# TASK DESCRIPTION
Keep the images out and set the listing below down word for word.
:::
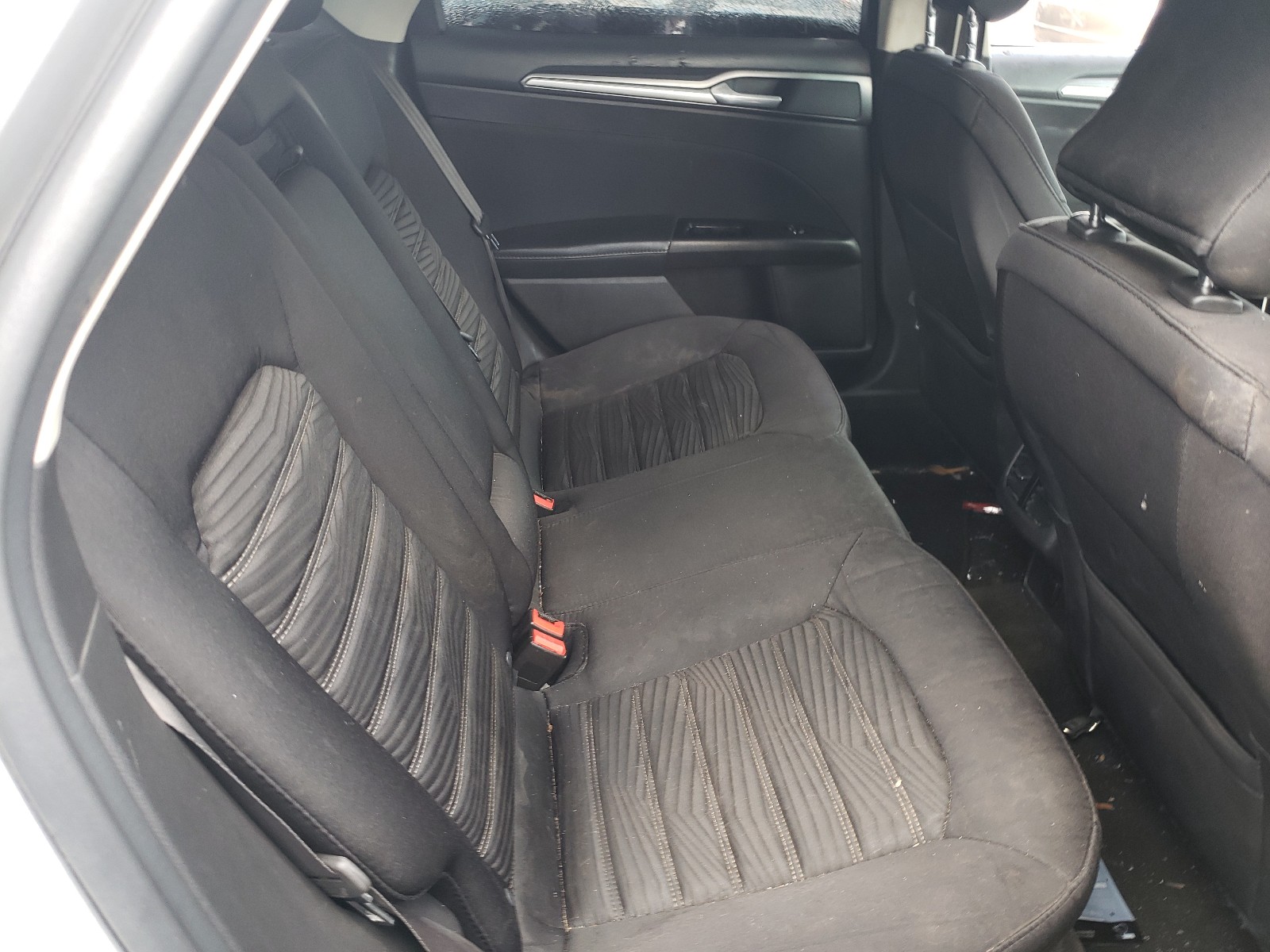 Photo 6 from auction – 2016 FORD FUSION SE with VIN 1FA6P0H72G5132137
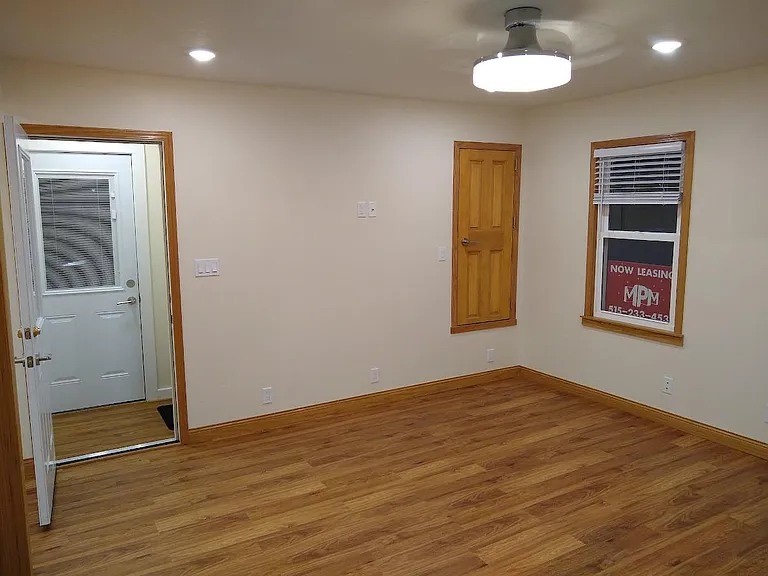 2921 Lincoln Way #2 — Photo 8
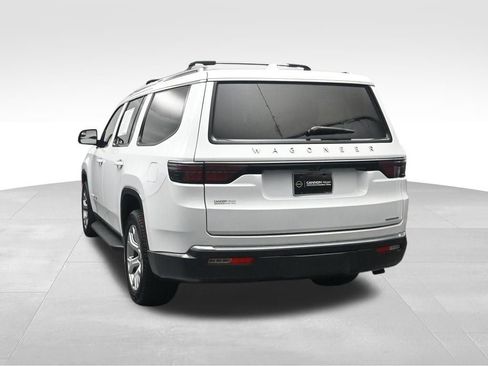 Used 2022 Jeep Wagoneer Series I w/ Premium Group I RWD image 4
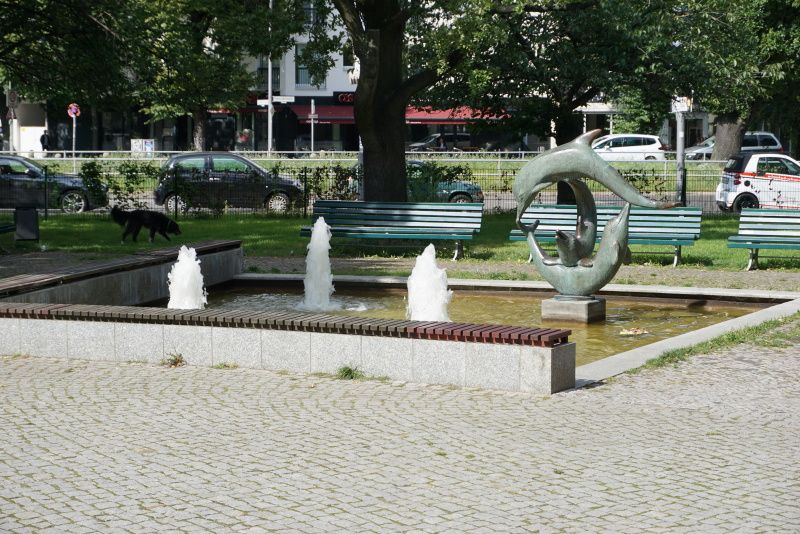 Delphinbrunnen am Hohenzollernplatz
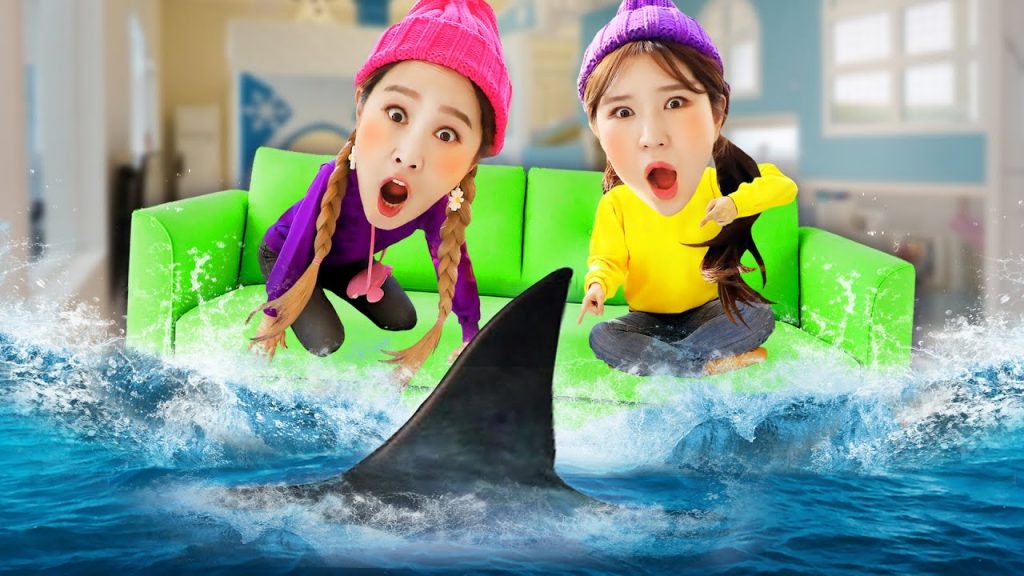 基尼家變成水族館了!鯊魚來了快逃跑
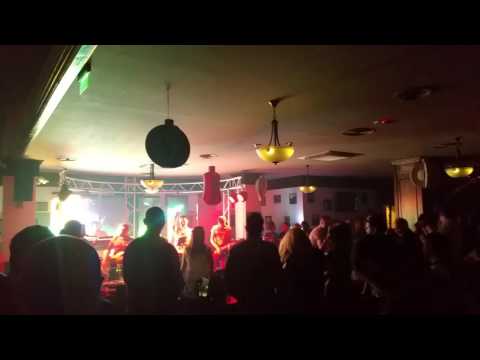 Trupa 9 face nebunie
:::
# RESPONSE AREA
 Photo 6 from auction – 2016 FORD FUSION SE with VIN 1FA6P0H72G5132137
 2921 Lincoln Way #2 — Photo 8
 Used 2022 Jeep Wagoneer Series I w/ Premium Group I RWD image 4
 Delphinbrunnen am Hohenzollernplatz
 基尼家變成水族館了!鯊魚來了快逃跑
 Trupa 9 face nebunie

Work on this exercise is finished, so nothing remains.